In 1992, the United States had a trade surplus of almost $9 billion with the 15 countries that formed the European Union until it expanded earlier this year, and a deficit of $18.3 billion with China. The latest figures, for the 12 months through June, show a deficit of $99.8 billion with the EU 15 and $138.7 billion with China.
Between them, the deteriorating trade positions with China and the EU 15 account for 46 percent of the overall deterioration in the U.S. trade balance since 1992.
The differences are that Europe tends to supply higher quality things -- machine tools and Mercedes Benz autos, for example -- and that it has not been piling up huge amounts of Treasury securities. The numbers for last week show China has $164.8 billion in Treasuries, second only to Japan's $689.3 billion.
In the second quarter, the U.S. trade deficit exceeded 5 percent of gross domestic product, a record amount. That would sound alarm bells in other countries, but the United States sails along, buying whatever it wants and paying with newly printed dollars.
Some argue the trade deficit is a sign of strength. It must be made up by foreigners buying dollar-denominated assets, and those purchases supposedly show how foreigners crave American investments.
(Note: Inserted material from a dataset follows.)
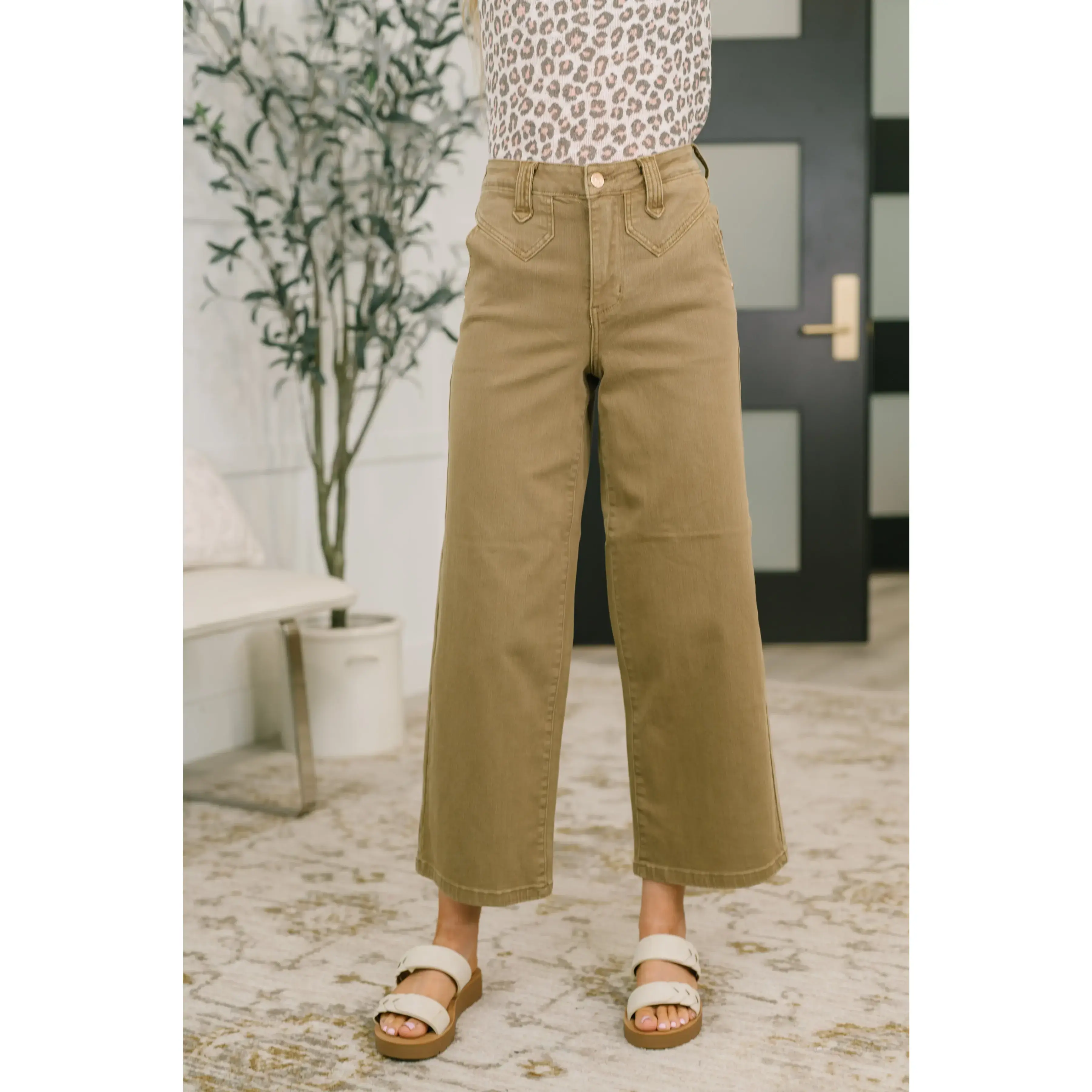 Judy Blue High Waist Wide Leg Ankle Jean in Mocha Chocolate Brown with Vintage Front Yoke 881095, Stretchy Cotton Comfort  Womenswear Denim Bottom Crop Cropped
But during the first half of this year, foreigners put $270.5 billion in Treasuries, twice what they put in higher yielding but riskier corporate bonds. They sold American shares. So much for wildly attractive investments.
Many of those Treasury purchases are less than voluntary. Central banks in China and Japan buy Treasuries not because the rates look good but as a way of supporting the dollar to maintain American demand for their exports.
Now the Federal Reserve is starting to worry about the trade deficit. It was the subject of a long discussion at the June meeting of the Open Market Committee, including a number of research papers that have so far not been made public. According to the minutes, "The staff noted that outsized external deficits could not be sustained indefinitely," but it did not forecast when the end would come.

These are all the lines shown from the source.